**WHAT IS BEING ASKED**:
Using the listing below, give again exactly the lines from the line with "lycheebags Bag Women" to the line with "Vectors - Stylish Damask Patterns 7", inclusive, without the pictures.

**PROVIDED RECORDS**:
══════════
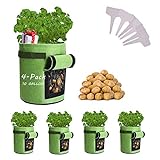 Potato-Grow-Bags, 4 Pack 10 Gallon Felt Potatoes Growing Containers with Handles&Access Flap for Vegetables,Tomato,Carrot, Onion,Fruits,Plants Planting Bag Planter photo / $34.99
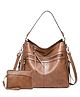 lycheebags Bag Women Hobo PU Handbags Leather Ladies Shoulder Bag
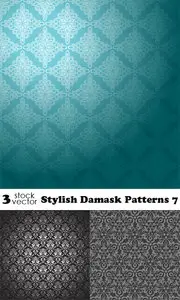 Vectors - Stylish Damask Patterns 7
══════════
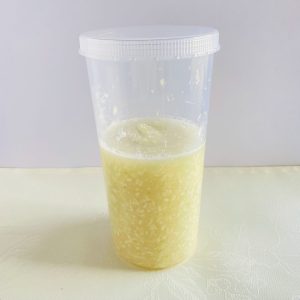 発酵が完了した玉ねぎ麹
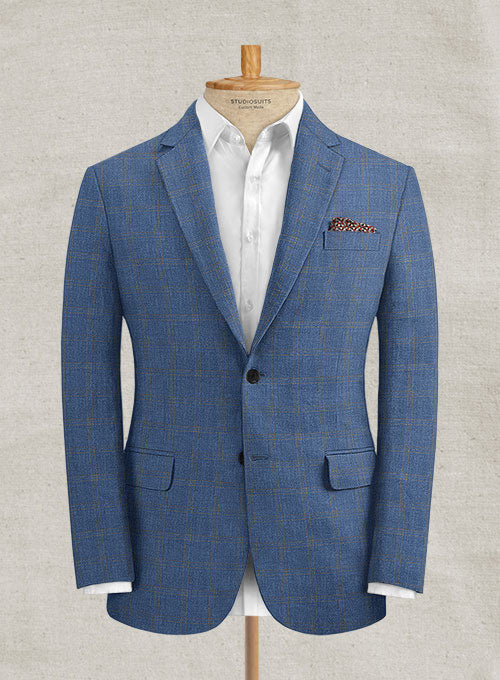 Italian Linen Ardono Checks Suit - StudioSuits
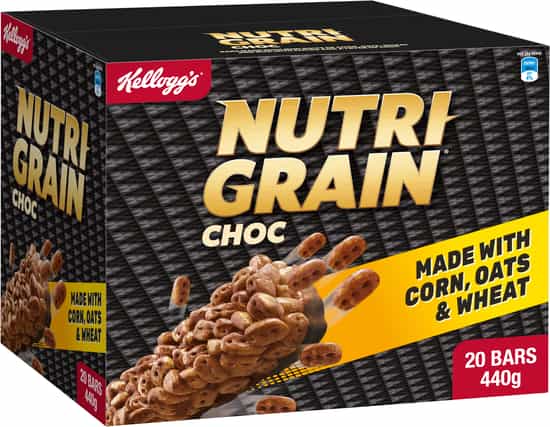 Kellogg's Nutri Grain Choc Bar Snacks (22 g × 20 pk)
══════════
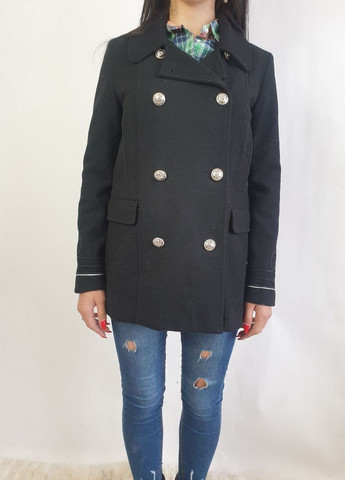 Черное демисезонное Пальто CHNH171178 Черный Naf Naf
══════════
**EXERCISE OUTPUT**:
 lycheebags Bag Women Hobo PU Handbags Leather Ladies Shoulder Bag
 Vectors - Stylish Damask Patterns 7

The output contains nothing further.